Vietnamese Blogger Awaiting Trial Moved from Prison to Mental Institution

A jailed Vietnamese blogger currently awaiting trial for abusing democratic freedoms was transferred from prison to a mental hospital, his mother said on Thursday.

Le Anh Hung, a member of the online Brotherhood of Democracy advocacy group, was arrested in July 2018 for violating article 331 of Vietnam's criminal code. If convicted he could serve up to seven years.

While in prison, Le had notably refused to wear prison uniforms or allow himself to be handcuffed on the rationale that prior to sentencing he should not be treated like a prisoner.

His mother, Tran Thi Niem, told RFA's Vietnamese Service in a phone interview Thursday that her son was taken to Central Mental Hospital 1 in Hanoi.

This morning, his brother, a friend and I went to see him [at the mental hospital,] but they would not let us, she said.

They told us that they have not they have not [completed initial] checks on him, so they couldn't allow us to see him. I only left some money for him, she said.

RFA contacted the hospital for comment, but was not able to confirm Le was interned there.

Please understand, I don't know any Le Anh Hung, said Tran Van Dang, the mental hospital's human resources chief.

I'm not in charge of treatment.

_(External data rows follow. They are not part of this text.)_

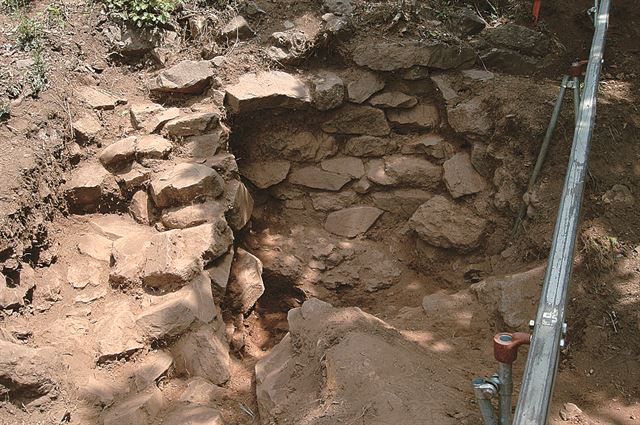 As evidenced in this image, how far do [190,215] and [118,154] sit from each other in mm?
853

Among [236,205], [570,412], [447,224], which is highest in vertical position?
[570,412]

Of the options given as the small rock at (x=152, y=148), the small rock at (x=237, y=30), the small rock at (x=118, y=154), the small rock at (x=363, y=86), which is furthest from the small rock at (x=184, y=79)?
the small rock at (x=363, y=86)

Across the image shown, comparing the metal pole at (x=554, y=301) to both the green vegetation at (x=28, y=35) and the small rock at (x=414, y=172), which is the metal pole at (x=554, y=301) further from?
the green vegetation at (x=28, y=35)

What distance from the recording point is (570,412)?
283 centimetres

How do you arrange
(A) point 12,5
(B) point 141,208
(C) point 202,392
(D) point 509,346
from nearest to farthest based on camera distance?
(D) point 509,346 < (C) point 202,392 < (B) point 141,208 < (A) point 12,5

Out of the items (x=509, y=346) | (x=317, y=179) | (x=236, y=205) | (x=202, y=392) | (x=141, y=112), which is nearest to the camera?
(x=509, y=346)

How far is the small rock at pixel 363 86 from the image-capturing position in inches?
217

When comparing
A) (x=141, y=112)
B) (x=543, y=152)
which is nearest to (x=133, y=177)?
(x=141, y=112)

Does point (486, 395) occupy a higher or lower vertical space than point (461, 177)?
higher

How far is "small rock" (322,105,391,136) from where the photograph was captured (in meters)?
5.59

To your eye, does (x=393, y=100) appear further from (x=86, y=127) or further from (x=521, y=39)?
(x=86, y=127)

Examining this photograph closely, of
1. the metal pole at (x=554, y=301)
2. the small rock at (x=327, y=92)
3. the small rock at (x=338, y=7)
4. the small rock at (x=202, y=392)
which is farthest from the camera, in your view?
the small rock at (x=338, y=7)

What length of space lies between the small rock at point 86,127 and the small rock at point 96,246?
2.97 ft

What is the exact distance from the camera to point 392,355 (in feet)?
9.90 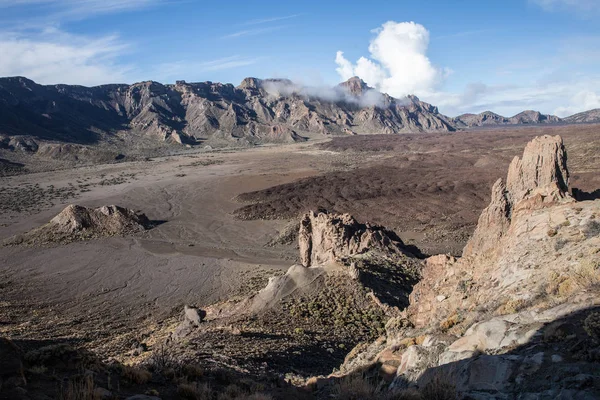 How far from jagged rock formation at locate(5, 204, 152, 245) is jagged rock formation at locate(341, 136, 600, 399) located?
126 feet

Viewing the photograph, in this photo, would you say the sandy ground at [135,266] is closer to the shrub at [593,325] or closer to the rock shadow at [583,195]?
the rock shadow at [583,195]

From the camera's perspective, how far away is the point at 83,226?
45.0 metres

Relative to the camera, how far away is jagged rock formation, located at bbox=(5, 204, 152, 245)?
42.5 m

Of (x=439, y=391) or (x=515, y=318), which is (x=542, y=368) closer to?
(x=439, y=391)

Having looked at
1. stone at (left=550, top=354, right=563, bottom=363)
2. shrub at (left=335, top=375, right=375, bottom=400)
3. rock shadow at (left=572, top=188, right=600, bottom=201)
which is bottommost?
shrub at (left=335, top=375, right=375, bottom=400)

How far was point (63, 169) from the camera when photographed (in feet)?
345

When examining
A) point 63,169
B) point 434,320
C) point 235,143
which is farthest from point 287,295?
point 235,143

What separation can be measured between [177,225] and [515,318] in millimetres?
46057

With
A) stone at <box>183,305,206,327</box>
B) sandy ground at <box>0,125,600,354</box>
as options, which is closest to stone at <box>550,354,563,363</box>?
stone at <box>183,305,206,327</box>

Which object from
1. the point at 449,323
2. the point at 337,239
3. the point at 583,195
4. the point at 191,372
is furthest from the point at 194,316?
the point at 583,195

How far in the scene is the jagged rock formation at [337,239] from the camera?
27453mm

Please bring a letter from your organization here to verify if Le Anh Hung has been admitted here or not, he said.

Nguyen Van Mieng, the lawyer representing Le, said he hasn't received any notice about his institutionalization.

I've met him twice [in prison]. He told me to meet him after the procuracy made their report on him because police reports about him were unclear, said Nguyen.

According to the Vietnamese Political Prisoner Database website, Le Anh Hung had previously been detained in a mental facility in 2013.

NhAn DAn (the official communist party newspaper) reported he was also detained in 2009 on slander charges in Quang Tri province, but was released when authorities concluded there was not enough evidence.

Le, a longtime critic of the Vietnamese government, has worked for many media outlets including Voice of America, a U.S.-funded broadcaster.

Amnesty international called for his release immediately after his arrest in July, saying Vietnam's government cannot keep using baseless charges and the threat of prison as a means of gagging its critics."

The U.S. has long criticized Vietnam for its human rights record, marked by the suppression of basic freedoms, media censorship, and repression of workers' rights as well as its worsening record of arresting and imprisoning dissidents, bloggers and religious leaders.

According to New York-based Human Rights Watch, approximately 150 to 200 activists and bloggers are serving prison time in Vietnam simply for exercising their basic rights.